Reisen INS LAND DER TULPEN

Meine Bücher über Gartenreisen entwickelten sich aus Erlebnissen und Erfahrungen privater und beruflicher Reisen, die mich seit Mitte der 1980er-Jahre auch in die Niederlande und nach Belgien führten. Schon während des Gartenbaustudiums waren Exkursionen in die niederländische Baumschulregion Boskoop mit der Baumschule für Pflanzenliebhaber Plantentuin Esveld (Katalog mit 10443 ! verschiedenen Gartenpflanzen) sowie nach Belgien in das Arboretum Kalmthout mit seiner Hamamelis-Sammlung (siehe S. 132) eine große Inspiration. Meine Begeisterung für alte Gartenpflanzen wie historische Tulpen und Narzissen zog mich über Jahre an die Nordsee nach Haarlem – mitten in die Blumenzwiebelfelder. Der historische Garten im Keukenhof, der Hortus Bulborum (siehe S. 26) und die Zwiebelgärtner erzählten spannende Geschichten einer vergangenen Gartenkultur. Die Sammlung des Narzissengärtners Karel van der Veek mit Sorten wie Narcissus 'Glory of Lisse', 'van Sion' (Narzissus telamonius plenus), Narcissus pseudonarcissus 'Princeps' oder die gefüllte Form der wilden Narcissus minor var. pumilus 'Rip van Winkle' betreut heute sein Sohn Carlos van der Veek. Im Hortus Bulborum in Limmen können Liebhaber historischer Tulpen Duc van Tol-Tulpen aus den ersten Zuchtversuchen vor über 300 Jahren und echte Rembrandt-Tulpen bewundern. Die älteste noch erhaltene Tulpensorte aus der Zeit der Tulpomanie von 1620 ist die cremeweiße und lachsrosa-geflammte Rembrandt-Tulpe 'Zomerschoon' (siehe S. 6: ‘Zomerschoon A.D. 1620’, Aquarell, Anita Walsmit Sachs). Die Niederlande sind ein Land der Museen, und nicht nur bei Regenwetter begeistern die Tulpen auf den Stillleben der niederländischen Meister des 17. Jahrhunderts im Rijksmuseum in Amsterdam, im Frans-Hals-Museum in Haarlem (siehe S. 48) oder im Mauritshuis in Den Haag. Neben der Wahrung des reichen Kulturerbes gehen die weltoffenen, liberalen Niederländer mit der Zeit und entwickeln kontinuierlich Neues und, vor allem in der Architektur, Futuristisches.

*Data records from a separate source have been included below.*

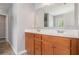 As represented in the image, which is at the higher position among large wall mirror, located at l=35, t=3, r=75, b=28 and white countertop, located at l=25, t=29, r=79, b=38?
large wall mirror, located at l=35, t=3, r=75, b=28

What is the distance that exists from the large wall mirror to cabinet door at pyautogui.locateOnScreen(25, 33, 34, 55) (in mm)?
230

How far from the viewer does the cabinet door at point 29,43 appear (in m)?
1.85

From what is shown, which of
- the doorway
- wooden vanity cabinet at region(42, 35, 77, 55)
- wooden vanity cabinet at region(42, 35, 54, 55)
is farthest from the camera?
wooden vanity cabinet at region(42, 35, 54, 55)

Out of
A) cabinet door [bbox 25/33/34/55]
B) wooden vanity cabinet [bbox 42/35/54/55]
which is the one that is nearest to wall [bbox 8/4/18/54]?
cabinet door [bbox 25/33/34/55]

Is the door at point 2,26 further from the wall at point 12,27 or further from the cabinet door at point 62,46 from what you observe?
the cabinet door at point 62,46

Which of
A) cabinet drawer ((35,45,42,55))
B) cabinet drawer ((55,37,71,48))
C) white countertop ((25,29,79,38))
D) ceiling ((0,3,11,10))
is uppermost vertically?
ceiling ((0,3,11,10))

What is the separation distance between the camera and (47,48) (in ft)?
6.19

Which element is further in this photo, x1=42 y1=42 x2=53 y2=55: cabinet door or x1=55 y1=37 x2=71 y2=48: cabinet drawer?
x1=42 y1=42 x2=53 y2=55: cabinet door

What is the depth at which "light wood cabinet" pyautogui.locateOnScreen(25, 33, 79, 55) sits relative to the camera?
5.06ft

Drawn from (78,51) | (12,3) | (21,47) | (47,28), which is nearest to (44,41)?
(47,28)

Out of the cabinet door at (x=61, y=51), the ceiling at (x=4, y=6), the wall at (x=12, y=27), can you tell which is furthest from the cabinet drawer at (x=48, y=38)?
the ceiling at (x=4, y=6)

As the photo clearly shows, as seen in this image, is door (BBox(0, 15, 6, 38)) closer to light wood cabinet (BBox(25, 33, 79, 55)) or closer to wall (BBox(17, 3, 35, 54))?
wall (BBox(17, 3, 35, 54))

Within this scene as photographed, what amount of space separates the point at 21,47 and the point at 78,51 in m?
0.84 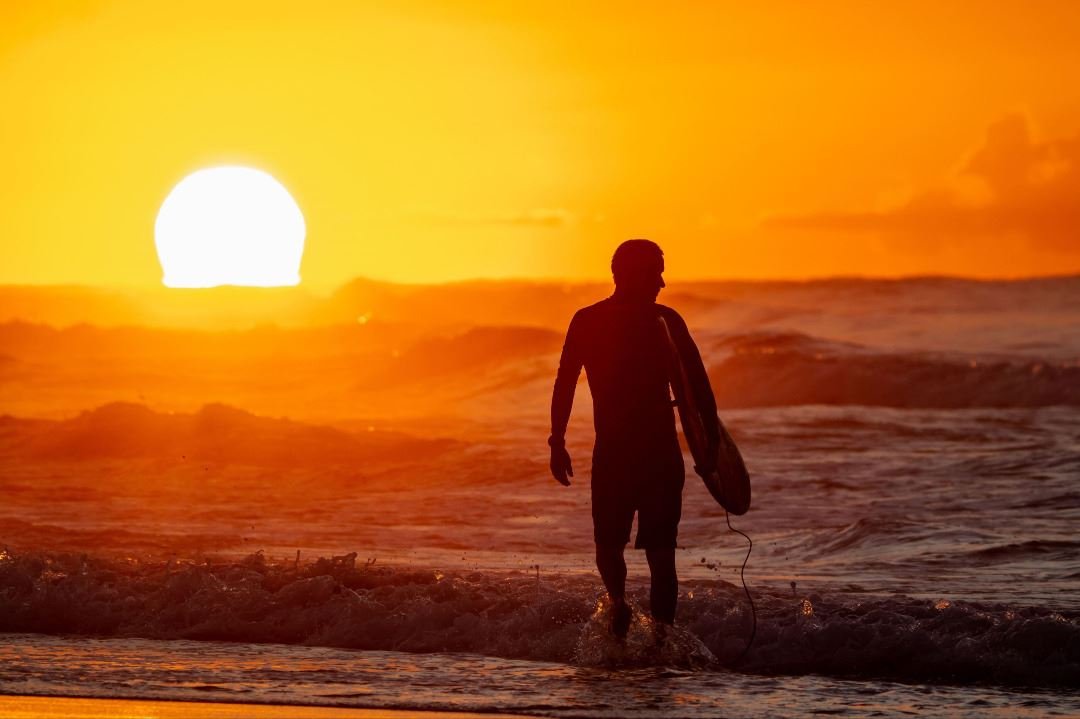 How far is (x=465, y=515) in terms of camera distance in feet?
48.4

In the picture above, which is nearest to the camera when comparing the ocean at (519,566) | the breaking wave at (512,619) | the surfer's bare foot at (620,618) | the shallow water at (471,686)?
the shallow water at (471,686)

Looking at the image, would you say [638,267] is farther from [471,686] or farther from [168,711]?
[168,711]

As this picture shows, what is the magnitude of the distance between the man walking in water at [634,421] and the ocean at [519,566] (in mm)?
385

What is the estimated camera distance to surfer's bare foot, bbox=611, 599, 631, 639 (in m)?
6.96

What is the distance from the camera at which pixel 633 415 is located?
6938mm

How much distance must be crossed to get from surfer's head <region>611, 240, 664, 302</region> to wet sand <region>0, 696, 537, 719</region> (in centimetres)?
200

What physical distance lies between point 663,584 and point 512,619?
3.69 feet

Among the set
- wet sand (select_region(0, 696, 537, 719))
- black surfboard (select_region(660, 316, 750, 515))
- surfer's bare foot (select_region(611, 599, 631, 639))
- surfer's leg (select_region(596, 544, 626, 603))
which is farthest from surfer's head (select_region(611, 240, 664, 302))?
wet sand (select_region(0, 696, 537, 719))

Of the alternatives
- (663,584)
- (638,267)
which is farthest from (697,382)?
(663,584)

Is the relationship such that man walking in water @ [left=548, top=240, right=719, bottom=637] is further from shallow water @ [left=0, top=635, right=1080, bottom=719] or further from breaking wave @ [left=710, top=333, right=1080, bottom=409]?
breaking wave @ [left=710, top=333, right=1080, bottom=409]

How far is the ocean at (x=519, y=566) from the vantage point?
6629mm

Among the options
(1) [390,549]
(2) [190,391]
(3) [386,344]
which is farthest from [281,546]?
(3) [386,344]

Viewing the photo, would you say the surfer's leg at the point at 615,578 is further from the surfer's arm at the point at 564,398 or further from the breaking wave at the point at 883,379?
the breaking wave at the point at 883,379

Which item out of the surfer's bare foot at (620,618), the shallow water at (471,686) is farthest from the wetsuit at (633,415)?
the shallow water at (471,686) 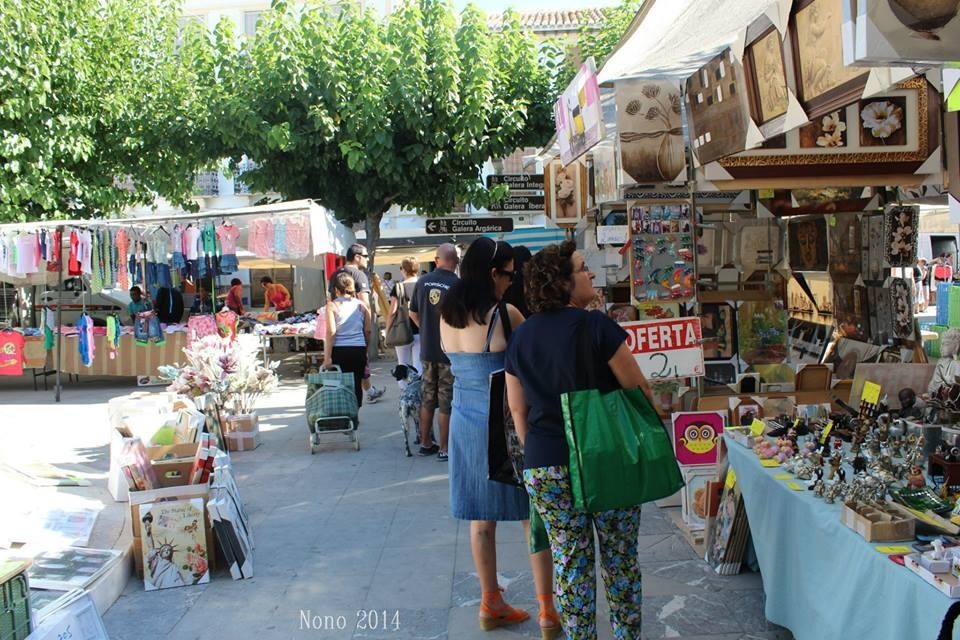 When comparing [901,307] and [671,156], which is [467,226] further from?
[671,156]

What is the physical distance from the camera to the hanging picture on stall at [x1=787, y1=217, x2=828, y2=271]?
7305mm

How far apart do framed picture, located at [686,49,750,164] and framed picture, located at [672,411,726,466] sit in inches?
58.4

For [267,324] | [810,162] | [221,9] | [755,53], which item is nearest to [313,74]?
[267,324]

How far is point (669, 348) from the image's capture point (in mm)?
4969

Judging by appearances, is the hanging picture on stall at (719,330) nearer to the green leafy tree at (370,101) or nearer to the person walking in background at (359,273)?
Answer: the person walking in background at (359,273)

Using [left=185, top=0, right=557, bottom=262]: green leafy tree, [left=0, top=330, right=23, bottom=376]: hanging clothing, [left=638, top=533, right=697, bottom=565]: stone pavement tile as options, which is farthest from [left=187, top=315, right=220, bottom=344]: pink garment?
[left=638, top=533, right=697, bottom=565]: stone pavement tile

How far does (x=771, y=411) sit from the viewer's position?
488 cm

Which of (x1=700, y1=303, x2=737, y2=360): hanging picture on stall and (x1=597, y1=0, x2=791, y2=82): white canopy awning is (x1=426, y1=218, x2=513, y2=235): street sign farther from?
(x1=597, y1=0, x2=791, y2=82): white canopy awning

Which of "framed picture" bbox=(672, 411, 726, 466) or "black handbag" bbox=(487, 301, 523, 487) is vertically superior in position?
"black handbag" bbox=(487, 301, 523, 487)

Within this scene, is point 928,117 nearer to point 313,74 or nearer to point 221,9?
point 313,74

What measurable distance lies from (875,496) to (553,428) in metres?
1.17

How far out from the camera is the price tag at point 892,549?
8.45 ft

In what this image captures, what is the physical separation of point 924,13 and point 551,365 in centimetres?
155

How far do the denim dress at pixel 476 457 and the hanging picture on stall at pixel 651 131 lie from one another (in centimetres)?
216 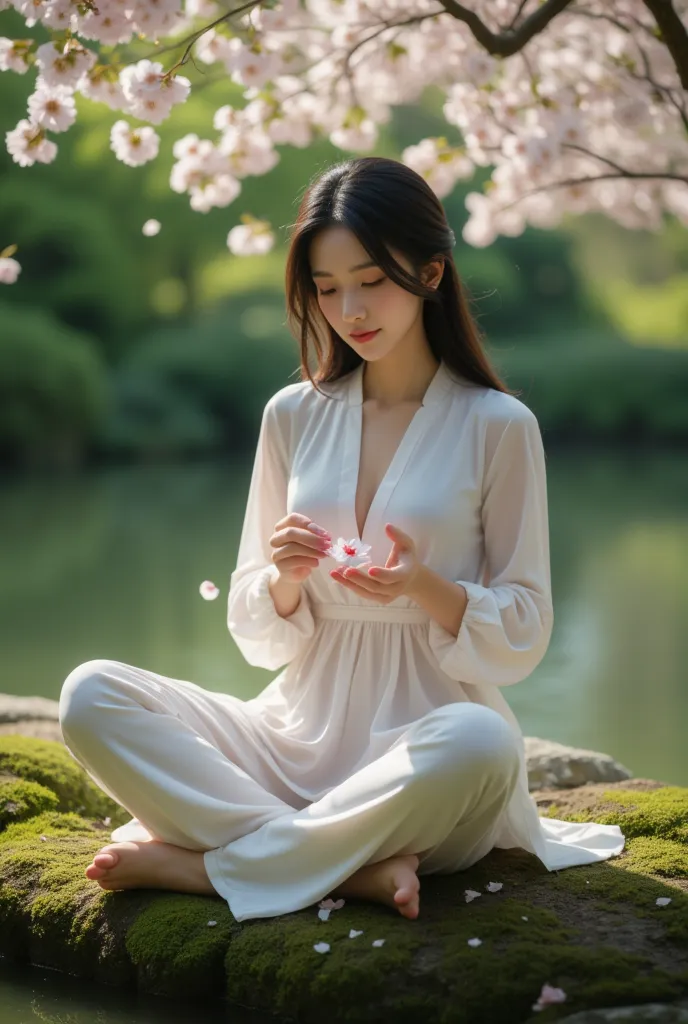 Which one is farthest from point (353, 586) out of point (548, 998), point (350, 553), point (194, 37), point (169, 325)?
point (169, 325)

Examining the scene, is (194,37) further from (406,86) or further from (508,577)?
(406,86)

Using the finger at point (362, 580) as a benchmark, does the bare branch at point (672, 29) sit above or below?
above

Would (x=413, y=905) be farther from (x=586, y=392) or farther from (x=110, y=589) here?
(x=586, y=392)

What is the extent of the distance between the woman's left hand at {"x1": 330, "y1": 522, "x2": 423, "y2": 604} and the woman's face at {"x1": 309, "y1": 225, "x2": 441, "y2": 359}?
35cm

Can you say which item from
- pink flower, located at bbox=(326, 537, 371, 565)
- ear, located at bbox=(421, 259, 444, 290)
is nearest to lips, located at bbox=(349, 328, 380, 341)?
ear, located at bbox=(421, 259, 444, 290)

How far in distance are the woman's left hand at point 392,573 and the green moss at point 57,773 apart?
0.90 meters

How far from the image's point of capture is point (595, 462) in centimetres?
1293

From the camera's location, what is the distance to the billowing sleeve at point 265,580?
86.8 inches

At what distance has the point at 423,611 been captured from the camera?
A: 7.00ft

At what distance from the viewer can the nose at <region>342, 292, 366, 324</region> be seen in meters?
2.09

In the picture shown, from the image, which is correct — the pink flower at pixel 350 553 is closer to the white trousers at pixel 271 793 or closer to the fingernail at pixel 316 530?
the fingernail at pixel 316 530

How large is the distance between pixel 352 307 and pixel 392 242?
0.38ft

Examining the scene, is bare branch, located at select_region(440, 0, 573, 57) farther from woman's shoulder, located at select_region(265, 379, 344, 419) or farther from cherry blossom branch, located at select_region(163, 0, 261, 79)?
woman's shoulder, located at select_region(265, 379, 344, 419)

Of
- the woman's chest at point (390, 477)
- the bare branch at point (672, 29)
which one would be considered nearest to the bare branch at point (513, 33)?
the bare branch at point (672, 29) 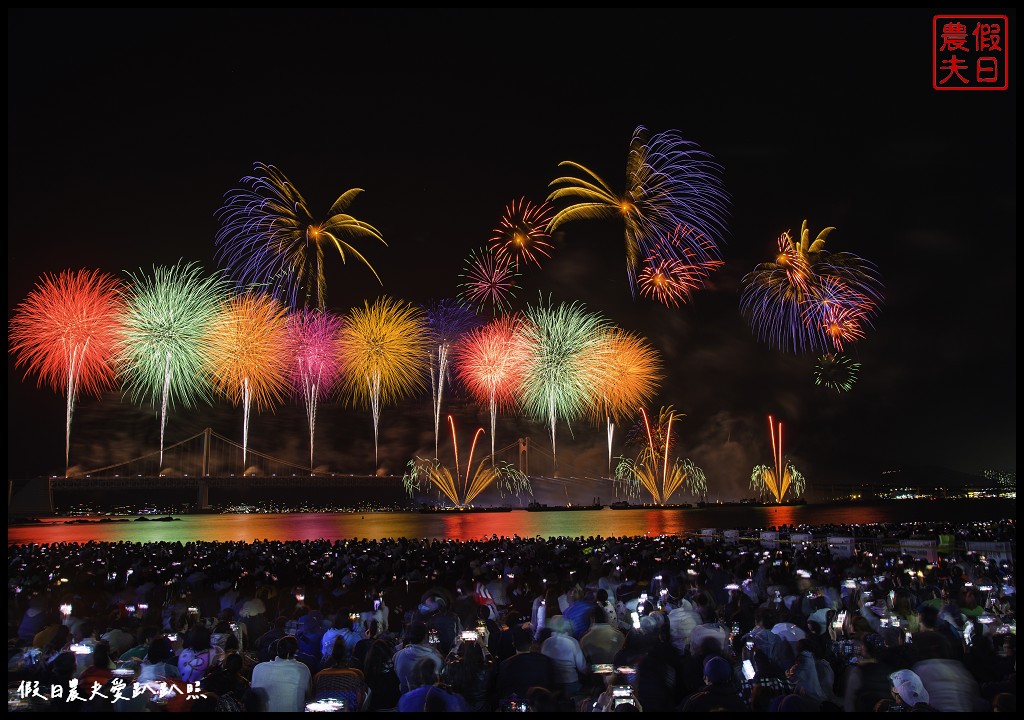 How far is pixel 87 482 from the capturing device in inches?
5246

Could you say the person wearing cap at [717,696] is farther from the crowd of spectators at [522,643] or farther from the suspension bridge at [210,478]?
the suspension bridge at [210,478]

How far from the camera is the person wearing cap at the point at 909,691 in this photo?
966 centimetres

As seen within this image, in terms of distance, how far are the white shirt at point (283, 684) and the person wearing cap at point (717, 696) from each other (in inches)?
192

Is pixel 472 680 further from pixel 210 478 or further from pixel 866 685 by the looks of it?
pixel 210 478

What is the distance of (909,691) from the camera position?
9812mm

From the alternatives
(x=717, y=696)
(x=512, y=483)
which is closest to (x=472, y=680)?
(x=717, y=696)

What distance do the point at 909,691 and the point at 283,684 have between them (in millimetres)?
7927

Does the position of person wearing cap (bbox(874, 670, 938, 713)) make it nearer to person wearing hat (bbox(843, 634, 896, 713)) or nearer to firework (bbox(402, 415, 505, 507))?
person wearing hat (bbox(843, 634, 896, 713))

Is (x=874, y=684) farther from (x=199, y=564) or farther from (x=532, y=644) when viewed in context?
(x=199, y=564)

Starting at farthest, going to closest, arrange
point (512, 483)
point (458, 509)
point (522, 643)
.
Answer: point (512, 483)
point (458, 509)
point (522, 643)

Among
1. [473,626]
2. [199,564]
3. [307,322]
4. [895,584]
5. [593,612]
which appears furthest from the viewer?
[307,322]

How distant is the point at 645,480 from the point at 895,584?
110m

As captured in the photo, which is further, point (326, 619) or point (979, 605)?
point (979, 605)

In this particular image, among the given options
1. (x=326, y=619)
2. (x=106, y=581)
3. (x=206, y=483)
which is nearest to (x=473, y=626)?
(x=326, y=619) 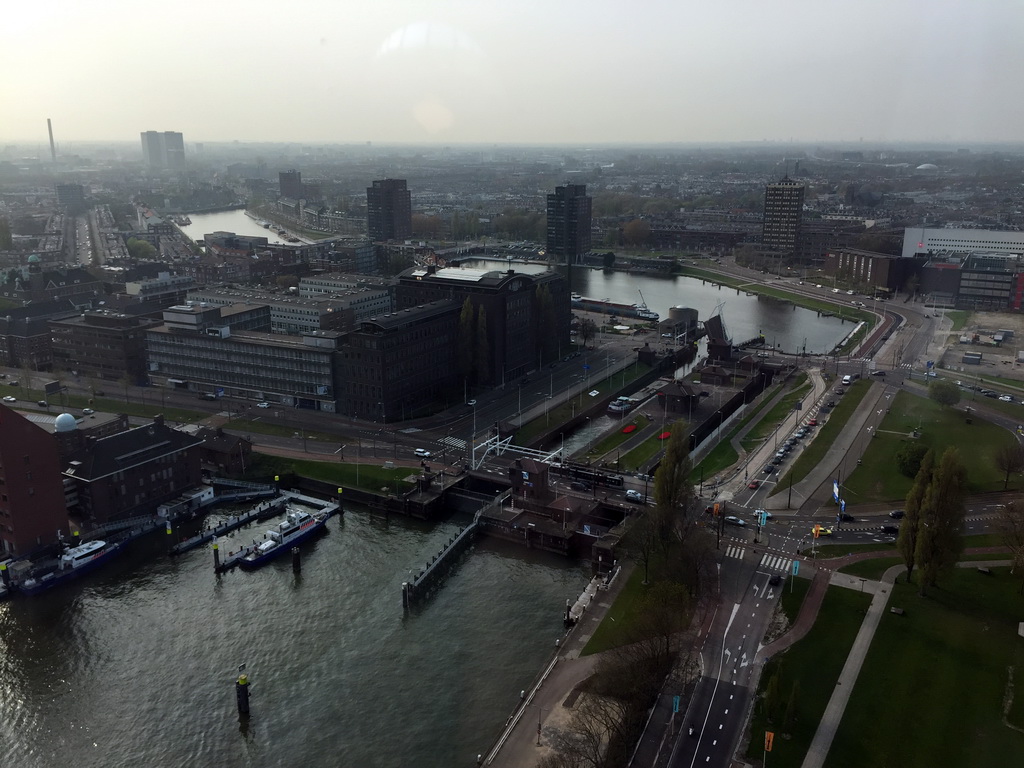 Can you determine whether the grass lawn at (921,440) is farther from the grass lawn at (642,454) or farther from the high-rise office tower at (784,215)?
the high-rise office tower at (784,215)

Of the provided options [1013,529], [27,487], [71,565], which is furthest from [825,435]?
[27,487]

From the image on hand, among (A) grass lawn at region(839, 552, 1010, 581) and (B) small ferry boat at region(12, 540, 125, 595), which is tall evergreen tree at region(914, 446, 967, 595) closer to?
(A) grass lawn at region(839, 552, 1010, 581)

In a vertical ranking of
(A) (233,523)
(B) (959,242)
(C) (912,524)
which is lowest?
(A) (233,523)

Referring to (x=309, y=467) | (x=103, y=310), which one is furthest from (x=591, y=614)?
(x=103, y=310)

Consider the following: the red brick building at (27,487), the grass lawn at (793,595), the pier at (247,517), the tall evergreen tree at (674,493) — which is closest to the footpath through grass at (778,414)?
the tall evergreen tree at (674,493)

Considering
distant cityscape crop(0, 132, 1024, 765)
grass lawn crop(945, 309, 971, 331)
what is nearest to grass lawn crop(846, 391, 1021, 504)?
distant cityscape crop(0, 132, 1024, 765)

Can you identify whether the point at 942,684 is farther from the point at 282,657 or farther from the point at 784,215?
the point at 784,215

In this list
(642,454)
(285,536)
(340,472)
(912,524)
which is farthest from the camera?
(642,454) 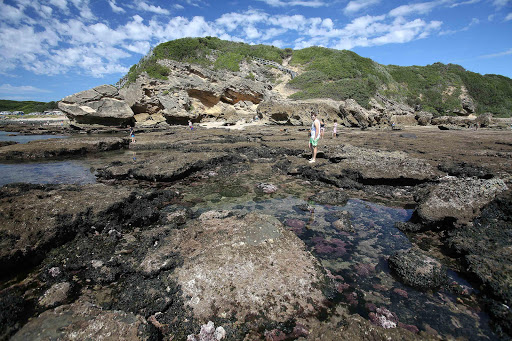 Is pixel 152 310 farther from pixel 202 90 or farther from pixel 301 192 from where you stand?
pixel 202 90

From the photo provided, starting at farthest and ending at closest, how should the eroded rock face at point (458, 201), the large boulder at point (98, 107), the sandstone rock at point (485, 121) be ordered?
1. the sandstone rock at point (485, 121)
2. the large boulder at point (98, 107)
3. the eroded rock face at point (458, 201)

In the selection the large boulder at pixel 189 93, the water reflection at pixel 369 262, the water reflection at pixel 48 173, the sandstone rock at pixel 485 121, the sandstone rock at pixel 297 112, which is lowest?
the water reflection at pixel 369 262

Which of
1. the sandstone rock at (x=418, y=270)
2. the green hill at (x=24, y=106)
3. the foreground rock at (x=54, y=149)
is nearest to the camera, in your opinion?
the sandstone rock at (x=418, y=270)

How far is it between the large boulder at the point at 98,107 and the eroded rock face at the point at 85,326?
95.4 ft

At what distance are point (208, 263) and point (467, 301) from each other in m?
3.16

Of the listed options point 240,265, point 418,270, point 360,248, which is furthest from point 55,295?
point 418,270

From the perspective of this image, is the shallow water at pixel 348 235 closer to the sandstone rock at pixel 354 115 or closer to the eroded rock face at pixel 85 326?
the eroded rock face at pixel 85 326

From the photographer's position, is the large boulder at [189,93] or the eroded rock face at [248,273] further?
the large boulder at [189,93]

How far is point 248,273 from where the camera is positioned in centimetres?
308

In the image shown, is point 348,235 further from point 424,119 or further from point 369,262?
point 424,119

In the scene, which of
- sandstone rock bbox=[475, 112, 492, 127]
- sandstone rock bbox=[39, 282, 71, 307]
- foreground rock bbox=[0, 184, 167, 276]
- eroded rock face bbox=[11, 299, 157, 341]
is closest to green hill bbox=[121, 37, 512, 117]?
sandstone rock bbox=[475, 112, 492, 127]

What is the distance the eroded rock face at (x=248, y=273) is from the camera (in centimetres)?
273

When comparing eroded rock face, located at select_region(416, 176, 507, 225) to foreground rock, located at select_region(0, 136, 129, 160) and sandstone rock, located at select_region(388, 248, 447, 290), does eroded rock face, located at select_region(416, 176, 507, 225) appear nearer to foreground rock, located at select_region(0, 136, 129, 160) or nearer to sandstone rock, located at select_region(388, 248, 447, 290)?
sandstone rock, located at select_region(388, 248, 447, 290)

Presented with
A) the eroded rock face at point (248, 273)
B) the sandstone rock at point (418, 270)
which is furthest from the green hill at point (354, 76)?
the eroded rock face at point (248, 273) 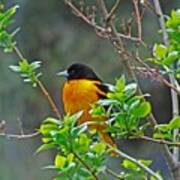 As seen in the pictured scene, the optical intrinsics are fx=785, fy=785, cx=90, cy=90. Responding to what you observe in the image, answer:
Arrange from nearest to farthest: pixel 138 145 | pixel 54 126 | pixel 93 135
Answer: pixel 54 126 → pixel 93 135 → pixel 138 145

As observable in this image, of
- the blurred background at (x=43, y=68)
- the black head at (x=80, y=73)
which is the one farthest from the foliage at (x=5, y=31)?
the blurred background at (x=43, y=68)

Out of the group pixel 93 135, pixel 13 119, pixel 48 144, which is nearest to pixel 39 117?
pixel 13 119

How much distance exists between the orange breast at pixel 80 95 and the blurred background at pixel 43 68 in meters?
1.49

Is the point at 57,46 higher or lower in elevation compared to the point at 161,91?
higher

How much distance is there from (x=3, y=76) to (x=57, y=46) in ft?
1.08

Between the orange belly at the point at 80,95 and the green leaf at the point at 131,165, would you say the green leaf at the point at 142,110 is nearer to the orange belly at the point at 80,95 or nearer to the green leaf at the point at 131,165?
the green leaf at the point at 131,165

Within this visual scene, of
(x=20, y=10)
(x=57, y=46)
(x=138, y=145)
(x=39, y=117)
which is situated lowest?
(x=138, y=145)

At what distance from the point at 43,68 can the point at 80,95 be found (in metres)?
1.72

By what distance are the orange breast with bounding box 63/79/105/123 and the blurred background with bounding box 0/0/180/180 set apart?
1.49 m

Die botanische Malerin Anita Walsmit Sachs, die Pflanzenillustrationen für das Nationaal Herbarium Nederland an der Universität Leiden fertigte, gründete 2006 die Vereinigung der botanischen Künstler Botanisch Kunstenaars Nederland. Regelmäßig macht sie mit Ausstellungen in Museen wie De Zwarte Tulip in Lisse (siehe S. 48) oder De Buitenplaats in Eelde (siehe S. 100) auf die Vielfalt der Pflanzen und den Wert alter Tulpensorten (siehe S. 37) aufmerksam. Auch der junge Fotograf Bas Meeuws haucht dem Genre der niederländischen Blumenstillleben neues Leben ein. „Meeuws componeert zijn foto’s zoals de oude meesters dat deden: bloem voor bloem, één en al luxe en pracht. Het resultaat is gelaagd werk, dat de tijd overstijgt“,* beschreibt die Galeristin Carla Wilms seine ausdrucksstarken Arbeiten (siehe S. 10). „Ik probeer de gevoelens van de kijkers van toen bij mezelf op te roepen. Het ontzag dat zij meoten hebben gevoeld bij het bekijken van al die dure en exotische bloemen bij elkaar.“ ** (Bas Meeuws 2015, * und ** Übersetzung S. 189).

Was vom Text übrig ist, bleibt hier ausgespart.